Gif by jasperai on Giphy

Spark & Trouble are back with today's edition to dive into the latest AI marvel that’s got everyone buzzing. Buckle up!

Here’s a sneak peek into this week’s edition 👀

Deep dive into the research by Tencent Labs that can supercharge anime artists’ efforts
Our prompt that could help you prioritize features & tasks like a boss
3 incredible AI tools that you JUST can’t miss!
Check out Transferscope, a prototype that paves the way for ‘synthesized reality’

Time to jump in!😄

PS: Got thoughts on our content? Share 'em through a quick survey at the end of every edition It helps us see how our product labs, insights & resources are landing, so we can make them even better.

Hot off the Wires 🔥

We're eavesdropping on the smartest minds in research. 🤫 Don't miss out on what they're cooking up! In this section, we dissect some of the juiciest tech research that holds the key to what's next in tech.⚡

Imagine being a kid again, sprawled on the couch, mesmerized by the antics of your favorite cartoon characters. From Dragon Ball Z's gravity-defying battles to the slapstick humor of Tom and Jerry, those animated worlds left an indelible mark on our childhood memories.

Dragon Ball Z Gif by xbox on Giphy

But have you ever wondered about the sheer effort that goes into creating just a few seconds of those magical cartoons?

Creating animations is no child's play. One of the real struggles for animators is “frame interpolation” - the process of generating those in-between frames that smoothly connect the keyframes. It's a laborious task that can consume up to a whopping 60% of an animation project's workload! 🥵

Did you know?
Even the legendary animator & manga artist Hayao Miyazaki (director of “The Boy & The Heron”, & countless other anime films) could only produce only ~5 min of animation per week due to this time-consuming “frame interpolation” process.
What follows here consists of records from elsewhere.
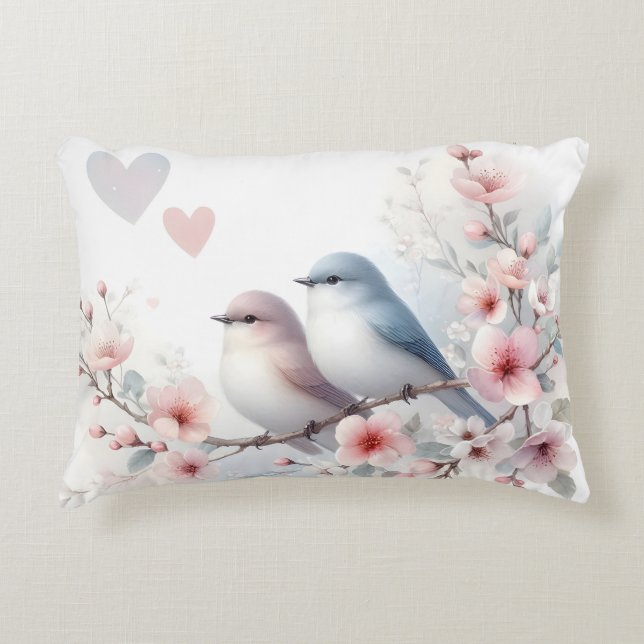 Romantic Love Birds Cherry Blossom Branch Prydnadskudde (Framsidan)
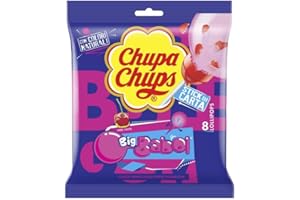 Chupa Chups Lollipop Bubblegum, Caramella Ripiena di Gomma Da Masticare, Gusto Ciliegia, Senza Glutine e Coloranti Artificiali, Busta con 8 Lecca Lecca, Monoporzioni, Ideale per Compleanni e Feste
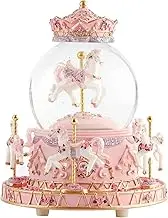 Musical Carousel Horse Snow Globe Gift, Rotating Clockwork Light Christmas Snowglobe Music Box (Color: C)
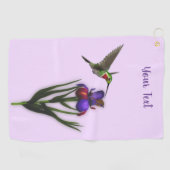 Hummingbird and Iris Flower Personalized Golfhanddoek (Horizontaal)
But what if there was a way to streamline this process, allowing aspiring animators to bring their visions to life faster?
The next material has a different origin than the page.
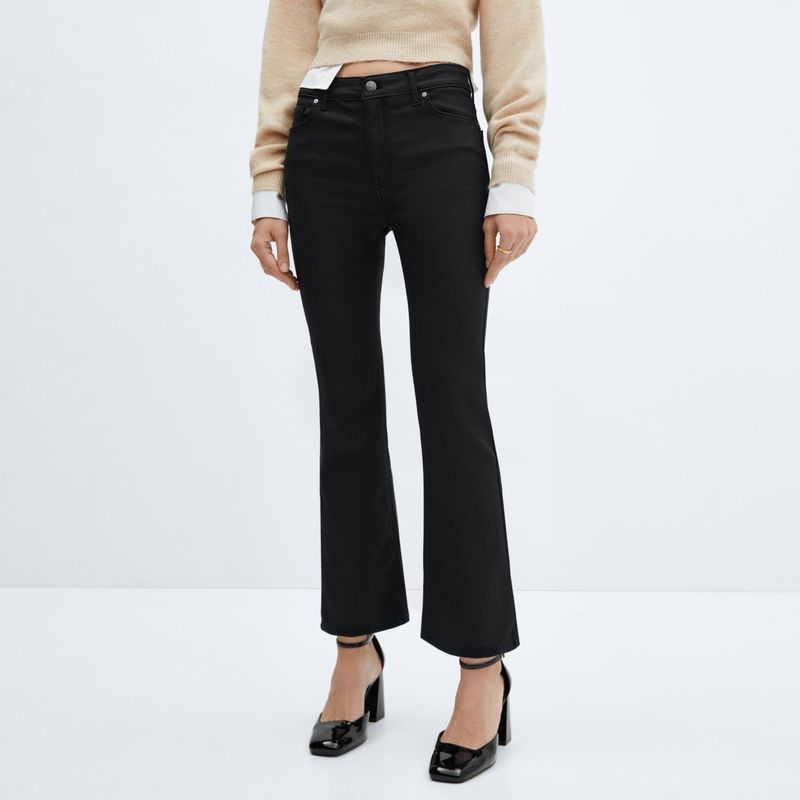 MANGO - Jeans Sienna Tiro Alto Flare Crop Engomado Mujer Mango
Well, the Chinese AI Lab, Tencent, just released “ToonCrafter”, an AI tool that automatically generates all the in-between frames in animation just from the keyframes of images you provide!

You can try out ToonCrafter for FREE by either cloning their GitHub repository or using their online playground! The model is also available on Hugging Face for use.

Understanding the ‘jargon’

Before diving into ToonCrafter's magic, let's break down some key terms:

Frame Interpolation: This essentially means creating new frames between two existing ones. Think of it like adding missing pages in a flipbook to create a smoother animation. While live-action (using photography instead of animation) frame interpolation leverages real-world motion data, anime & cartoons present a unique challenge due to their stylized, exaggerated movements and high-contrast visuals.

Dis-occlusion: When an object is hidden behind another and then reappears, that's dis-occlusion. Traditional interpolation methods struggle with these situations, often creating nonsensical results.

Motion Priors: These are essentially pre-existing knowledge sets about how things move in the real world. For example, a car typically moves on the ground, not in the air.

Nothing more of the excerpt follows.